Chris Hedges: One of the things about that Darbyshire interview is – Because the head of police is loyal to Mosaddegh and is brutally tortured and assassinated – They asked Darbyshire whether the British were involved. His first answer is yes. But I want to go on to who Mosaddegh was and I want to talk about the role of British Petroleum. Because like so many colonial corporations, they would extract resources, as they did out of Iran, and Iran had no idea how much oil, or what the revenue was. They were never told. It was complete theft. It was, of course, incredibly important to the British Empire. In fact, the Iranian oil fields saw the conversion of, under Winston Churchill, First Lord of the Admiralty in the early part of the century, convert them from coal to oil.
So let’s talk about, first, the presence of the British, what they were doing, and then who Mosaddegh was. Because he was a remarkable, incorruptible, brilliant figure. Bringing him down did so much destruction to not only destroying Iran’s democracy but of course, affecting in a very negative way hundreds if not millions of lives.
Taghi Amirani: Not many people know that British Petroleum was born in Iran. It was first the Anglo-Persian Oil Company, then became the Anglo-Iranian right up to the coup, and it finally came out as British Petroleum, BP. The Anglo-Iranian Oil Company was essentially working as a state within a state. It was very much like the East India Company in India. It ran, not just the Khuzestan region and Abadan, the refinery town; It had its fingers in every pie in every section of Iranian society. They bribed the members of Parliament. They interfered at every level of Iranian society. So they were essentially a finger in every pie of colonial power.

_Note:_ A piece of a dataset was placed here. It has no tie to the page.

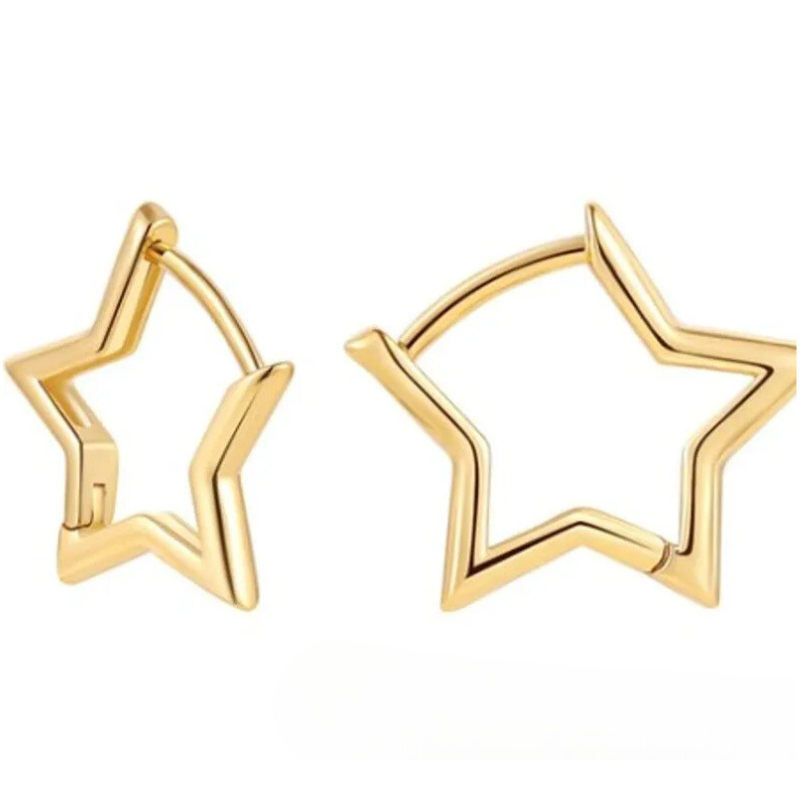 Arete Hoops Forma "Estrella"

Absolutely, as you say, the Anglo-Iranian Oil Company was the biggest overseas asset of the British state. It was a highly, highly profitable asset. Iranians were not allowed to look at the books. They had no idea what profits were being made. They were supposed to get 16% of the profits, but that was going to be calculated in London after they paid their own taxes. But the Anglo-Iranian Oil Company was owned by the British state, so it was essentially paying tax to itself. By the time they did all the creative accounting and cooking the books, Iranians got nothing.

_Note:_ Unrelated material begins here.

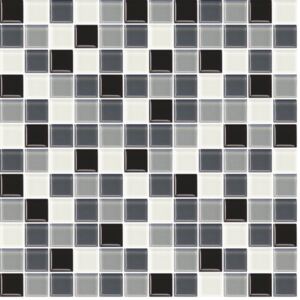 Skleněná mozaika Premium Mosaic šedá 30x30 cm lesk MOS25MIX2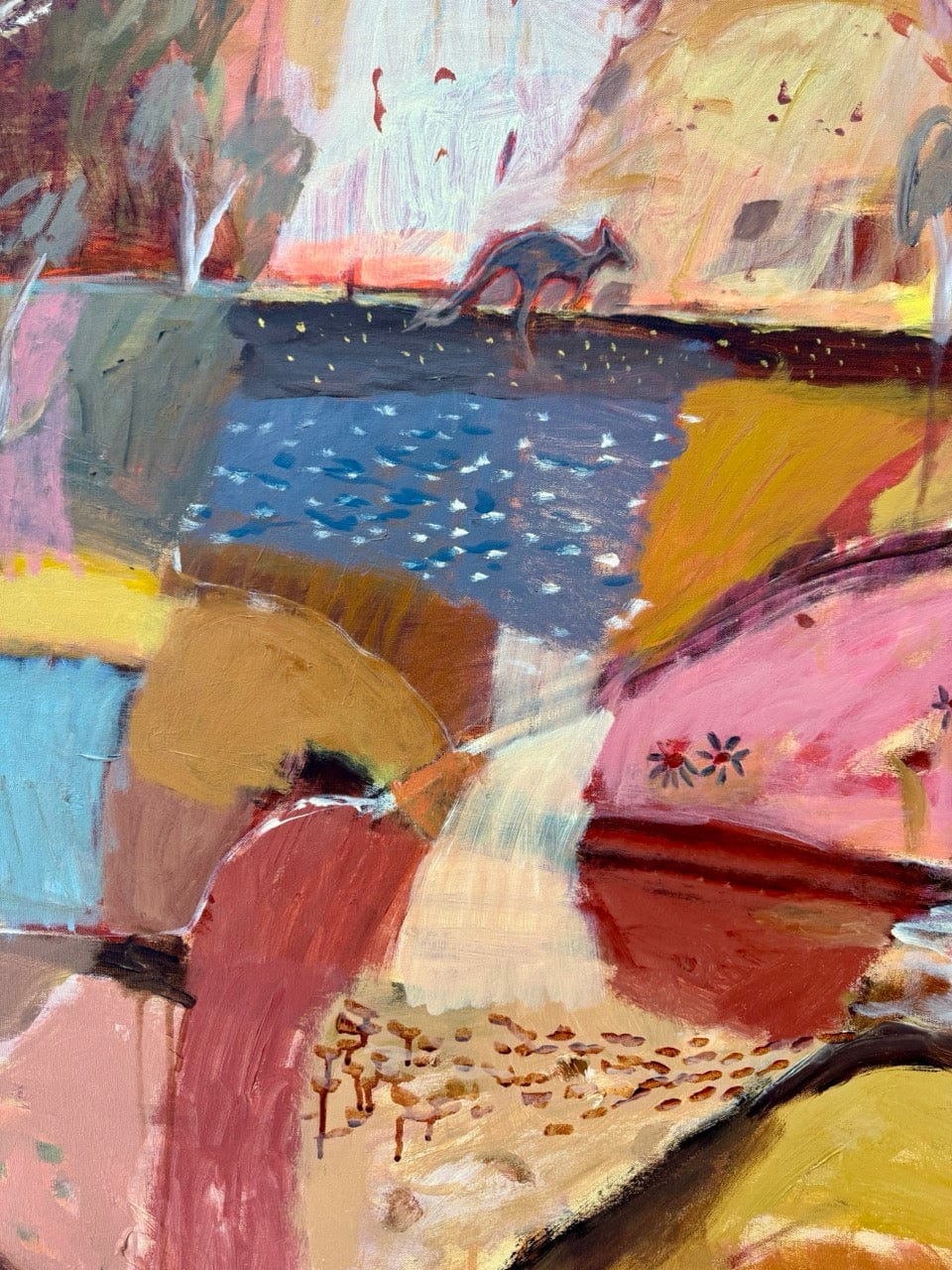 Tracks To The Billabong - Original Art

Mosaddegh came along. He was a highly educated, cultured, and secular leader. He came to power quite late in life. He ran on the ticket of nationalizing Iranian oil and reforming elections because the elections were corrupt and nobody really would get into power without bribery and some British control. As soon as he got into office, he wrote his own death sentence because the British decided to get rid of him as soon as he nationalized Iranian oil and came into office.
In those 28 months, Iran had the closest brush with a fledgling democracy. It could have gone a different way. It’s one of those biggest “what if” questions of history. What if he could stay and deliver his dream of democracy for Iran and independence and control of our resources? It didn’t happen. It didn’t happen and we’re living with the consequences. The documents supporting this are undeniable. The Darbyshire interview confirms it. He actually says, there’s a line in the interview that we bring to life. I’m the one asking the question sitting in for the End of Empire interviewee, could the British not have done a deal with him or come to some arrangement? He said no. They wanted to get rid of him as soon as they got into office. It wasn’t like, we had to get rid of him because he wasn’t negotiating with us. We didn’t reach a compromise. There was no compromise ever in their mind.
He became a symbol of democracy. He’s still a symbol of secular democracy for Iranians. The trigger for this film for me was, in 2009, post-election crisis, the Green Movement of the Ahmadinejad election that was called into question and led to protests. I was there trying to film the elections but I decided not to because it was getting too chaotic, and I stopped. I decided to be an observer. In fact, I stayed at home and All the Shah’s Men was on my friend’s bookshelf. Even though I had the book in London, I’d never read it because I thought, why would an American tell me what’s happening in my country? I had time. I read the book. It’s brilliant. It’s a page-turner.
I saw on the streets young protestors holding Mosaddegh’s portrait and these are kids born after the revolution. I thought, wow, this guy still means something to the young Iranians fighting for some freedom and democracy. The combination of reading the book and seeing his portrait on the streets, I thought, this is my next movie. This was in 2009. It took 10 years before it finished in 2019.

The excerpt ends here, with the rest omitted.